Client: JhSnyder and Co.
Location: Hollywood, CA, United States
Completion date: 2019
Artwork budget: $450,000
Project Team
Artist
Jenna Didier
AtelierDIDIER
Public Art Consultant
Corinne Weitzman
Weitzman Art Consulting
Client
Michael Wise
Jh Snyder
Structural engineering
Anna Tam
Nous Engineering
Steel fabrication
Edwin Ramirez
Ramirez Ironworks Group
Enameled steel graphics panels
Steve Vandyk
KVO Industries
site installation
Plas-Tal Manufacturing Co.


Overview
This 50 foot by 10 foot tall sculpture by Jenna Didier flanks a pedestrian walkway in Hollywood. An uncoiling spring of steel ribbons admits sight lines through the gaps to graphics mounted within the sculpture. As viewers walk/ drive/ scoot past, the graphics animate. The animation is analog – using a barrier grid technique (similar to another early cinematic device, the zoetrope — only one walks past it instead of spinning it). LEDs change color and bring different graphic layers to the foreground depending on the soil moisture levels of the catchment basin beneath the sculpture.
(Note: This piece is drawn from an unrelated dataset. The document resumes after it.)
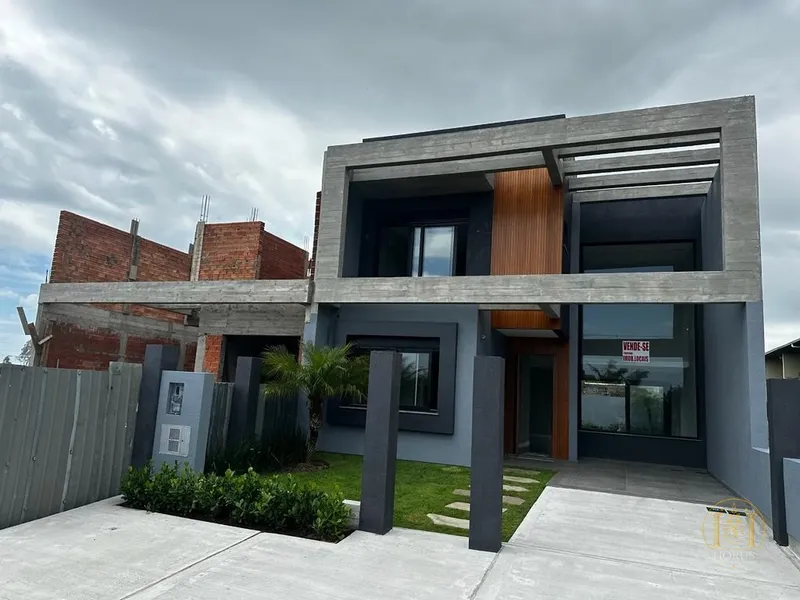 Sobrado novo a 100 metros do mar: 1ª foto da galeria de imagens do imóvel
Water levels vary depending on storm events – dramatizing the function of the catchment basin as an “urban spring” that slowly releases water into the watershed.
Didier’s work often incorporates environmentally-responsible techniques and promotes awareness of the reciprocal relationship of humans and their environment.
Goals
The imagery contained within the sculpture reminds one of the treasurous waters one must tread while striving to “make it” in Hollywood. An inquisitive viewer will find a deeper connection to the land Hollywood was built upon and its water cycle. The artwork is perched over and responds to water levels in the stormwater collection system that flanks the entry lobby. The dynamic presence of the sculpture welcomes daily workers to WeWork Hollywood, and attracts tourists passing by on the sidewalk to stroll over for a closer look at the animations swimming within the sculpture as one's perspective shifts. How is Hollywood connected to the watershed? To the sea? The Spring gradually seeps captured stormwater into underground conduits back to the sea.